I don't understand the cryptosystems in play enough to say what's possible. I understand ABE only at a very high level, and haven't yet seen a cryptosystem which boasts ABE.

As to certifying certain users with certain attributes in a privacy-preserving fashion, that's trivial. Alice wants to be certified as a female resident of Alaska by Public Records 'r' Us (PRU). PRU encrypts each of Alice's attributes (female, Alaska resident) with different symmetric keys, and encrypts all of the attribute ciphertexts together with Alice's account name/ID with a final ID symmetric key, and sends Alice the ID and attribute keys. Alice can prove to Bob that she is identified by providing him the ID key, and she can prove certain attributes by providing their respective keys in addition. Eve is unable to discern any relationship between Alice and PRU, or between Alice and Bob, and is also ignorant to Alice's attributes. Bob only knows the attributes about Alice that she gives him keys for. PRU can revoke any attribute at any time by updating the blockchain object.

The biggest issue I see with that system is that once Alice reveals attributes to Bob, Bob can reveal them to others. I don't know of a way to combat this off the top of my head.

I'd like some of the experienced Graphene developer wizards to comment on this, whether to confirm or deny my conclusion, or just for sake of discussion.

Whether it's possible on Graphene I do not know for certain, but I do think it will be possible on Enigma and Enigma promises secure multiparty computation on a blockchain. Whether or not they pull off their theoretical claims will depend on the code which so far hasn't been shown.

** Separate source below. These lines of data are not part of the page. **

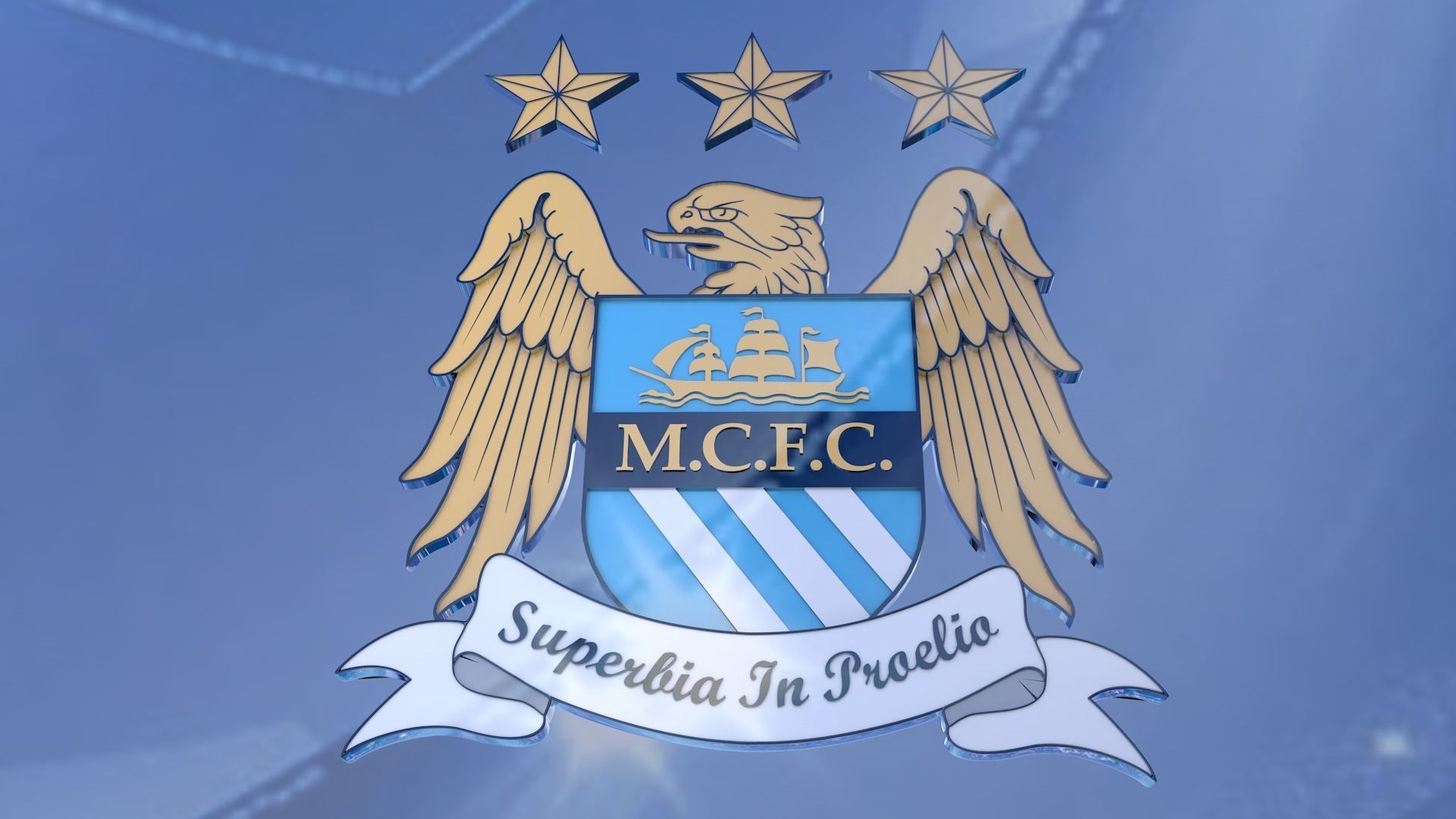 Old Manchester City Shield 3D model_2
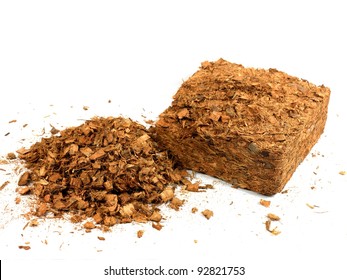 Garden Wood Chip Mulch Isolated Against A White Background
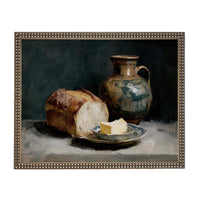 Framed Vintage Pottery and Bread Still Life Painting, Farmhouse Kitchen Canvas Print #ST-643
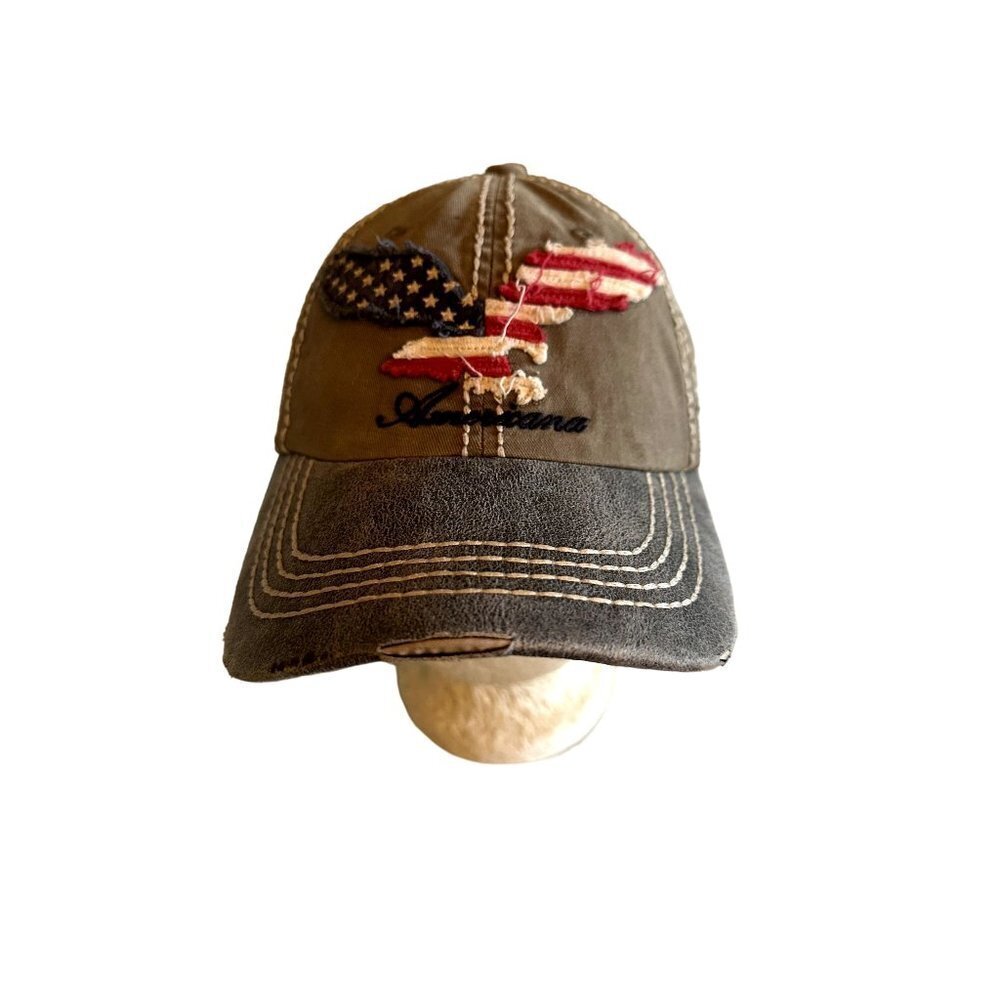Kbethos Gray American Flag Eagle‎ Hat Cap Adjustable
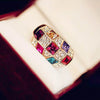 Wholesale Women's Alloy Magic Color Inlaid Rhinestone Geometric Design Diamond Ring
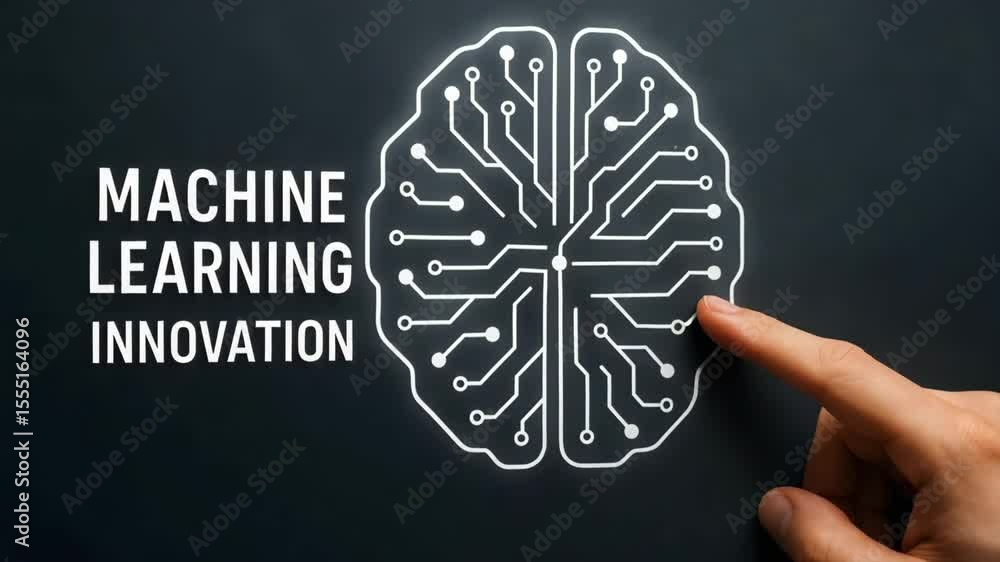 Poster a holographic brain-circuit icon lights up beneath “machine learning innovation” text. concept of al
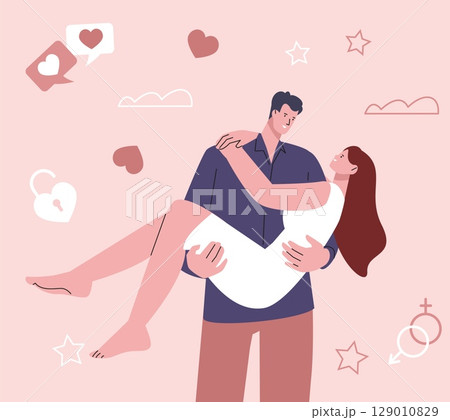Romantic concept with couple in love. Man holding woman on hands. Dating, romance, family relationship. Young adults, hearts, speech bubbles, vector scene 129010829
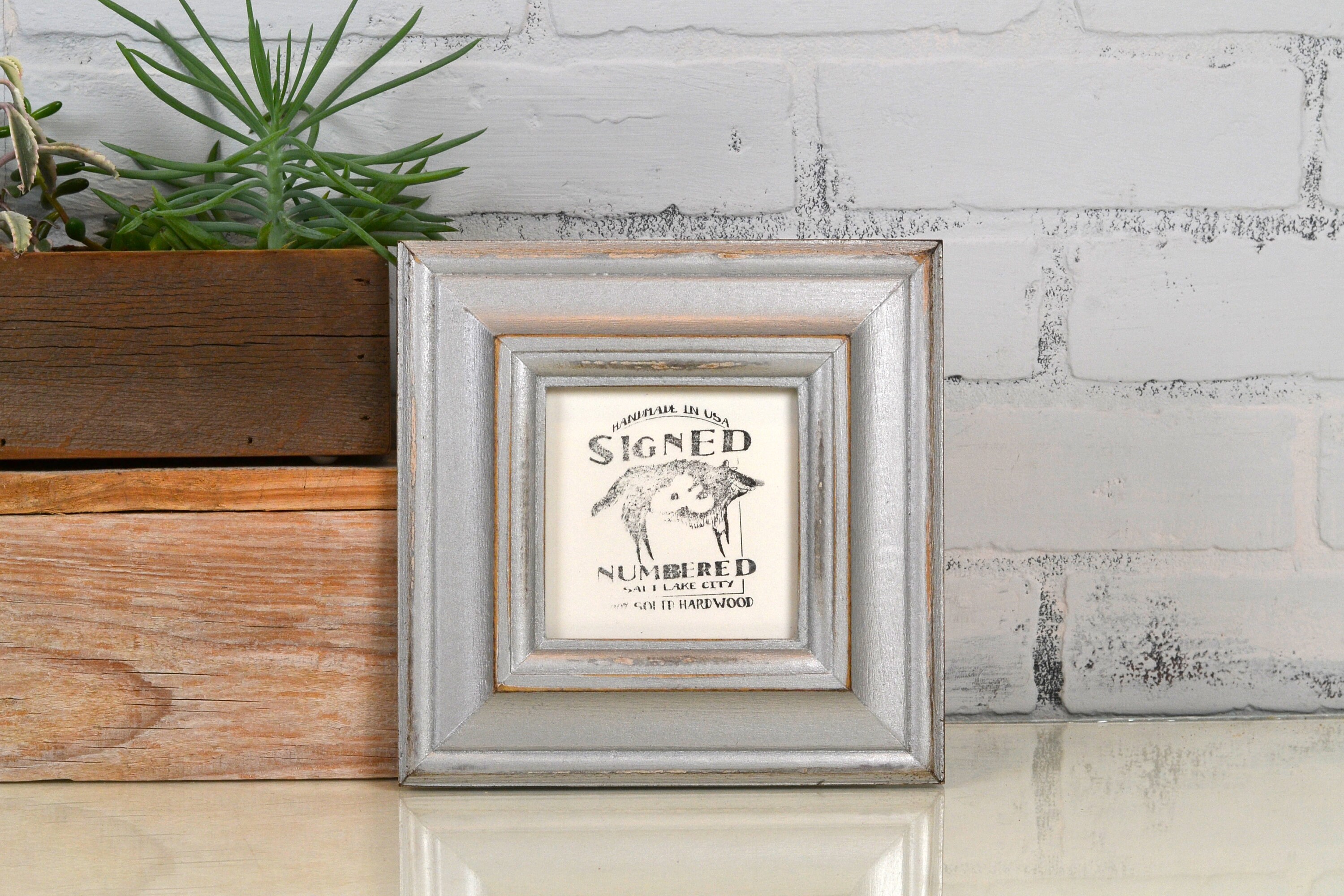 4x4 Picture Frame in Mulder Style with Vintage Silver ...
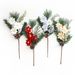 Weihnachts-Tannennadel-Schnittblumen-Simulation, grüne Pflanze, rote Beeren, Tannenzapfen, DIY, handgefertigte Dekorationen können verpackt werden_voghion.com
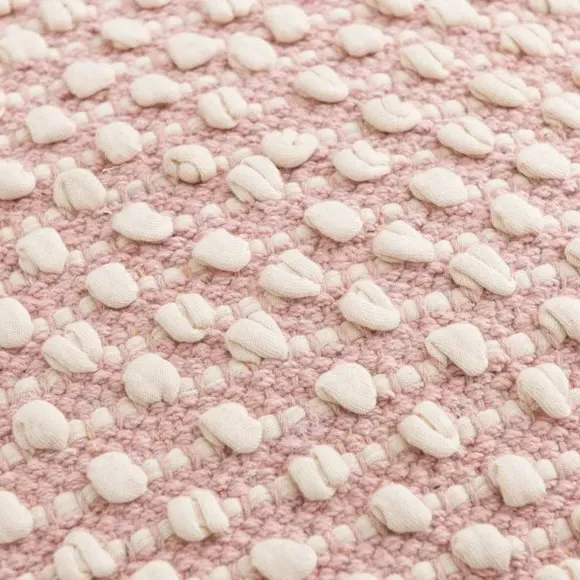Square Cushion with Bobble Design - Blush by Dunelm, alternate view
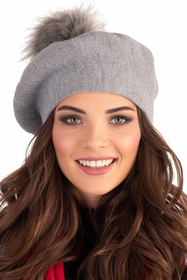 Vivisence 7035 Nakrycie głowy beret, szary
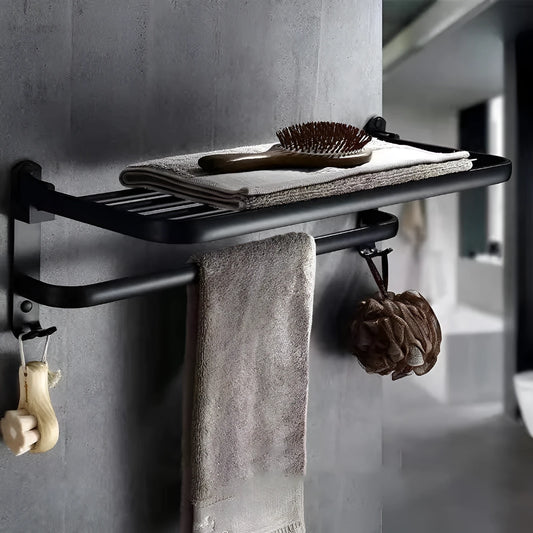 Aluminium bathroom folding shelf with perforated design and 2-tier storage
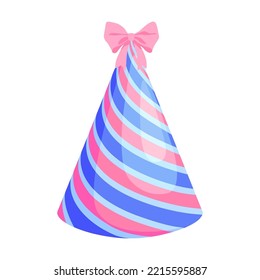 Stripped party cap vector illustration. Anniversary and carnival cone paper hat isolated on white background. Holiday decoration element. Celebration concept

Even if they were to pull it off, I don't know if privacy would work along with having secure identity.

Hi @dana-edwards , while I can't answer this question but I've trying to find a way to contact you but nowhere to be found on steemit.chat, what's the best way to get in touch with you, at least with something more realtime than in this comment section? :)

Why are we not upvoting this important message!!

Good article thank you,encryption is the important thing.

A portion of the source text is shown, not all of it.